Keywords: Documentary cinema, China, Labour, Industrial space, Laid-off workers, Wang Bing, Terrence Malick
The grand epics in history – for example, Homer’s Iliad and Odyssey, Virgil’s Aeneid, Dante’s Commedia, Melville’s Moby-Dick, Toni Morrison’s Beloved – reconnect us collectively with the past and with the shaping myth that gave that period of history its ground, in the form of its beliefs and values to sustain it. Epics retrieve, renew, and refresh the myth, dust it off and send it back out in the world. Epics, then, are a people’s grand recollections that allow them to remember who and what they are and wish to be.
Dennis Patrick Slattery (2015), Review of Terrence Malick’s Days of HeavenWest of the Tracks was first screened in its full length of 545 minutes at the Rotterdam International Film Festival in January 2003. It was the result of a two-year-long editing process based on over 300 hours of material.

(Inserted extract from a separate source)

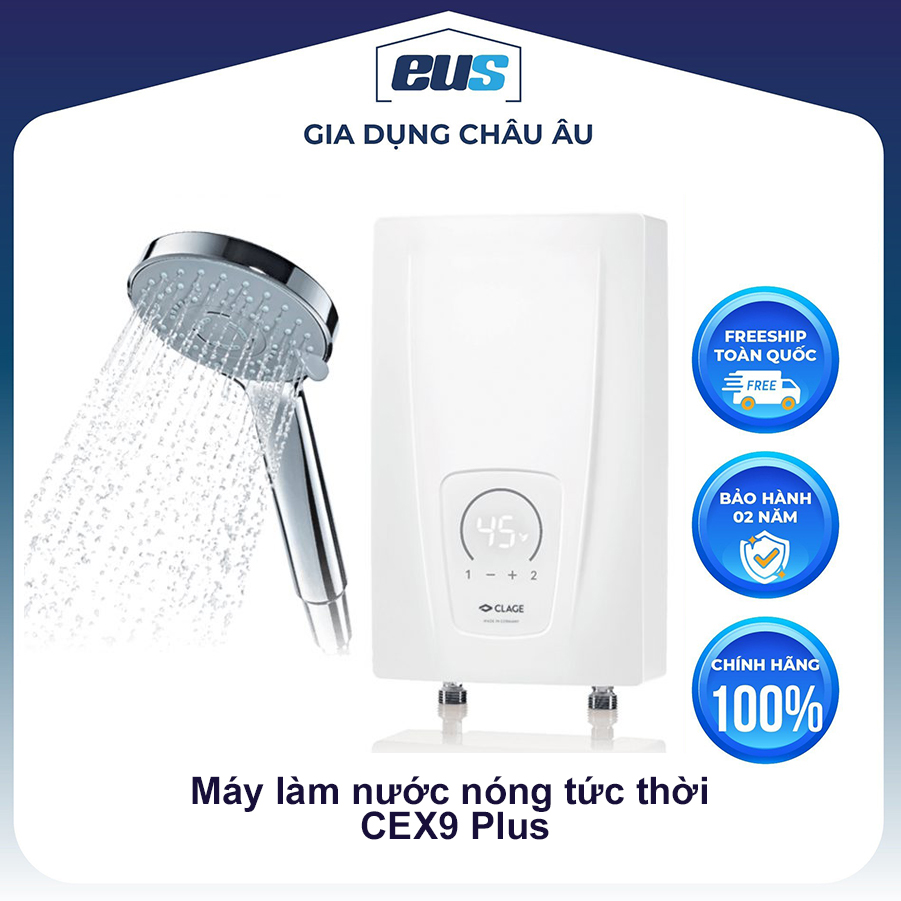 Máy nước nóng trực tiếp CLAGE CEX9 Plus, Chống Giật, Điều Khiển Thông Minh - Hàng Chính Hãng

The rough images of a Chinese industrial area were shot during the years 1999–2002. The first version dates back to 2002 and is a 300-minute version, which was only screened at the Forum of the Berlin International Film Festival with the title of Tiexi District. Thanks to the support of the Dutch Hubert Bals Fund, the director – then a young filmmaker whose only previous experience was as a cameraman in TV fiction and feature films1 – could rework the first editing into the current 545-minute version, which premiered in Rotterdam and was later released on DVD.
With this nine-hour long triptych, Wang Bing documented the slow process through which the so-called rust belt of China was closed down and workers in the industrial district of Tiexi dismissed.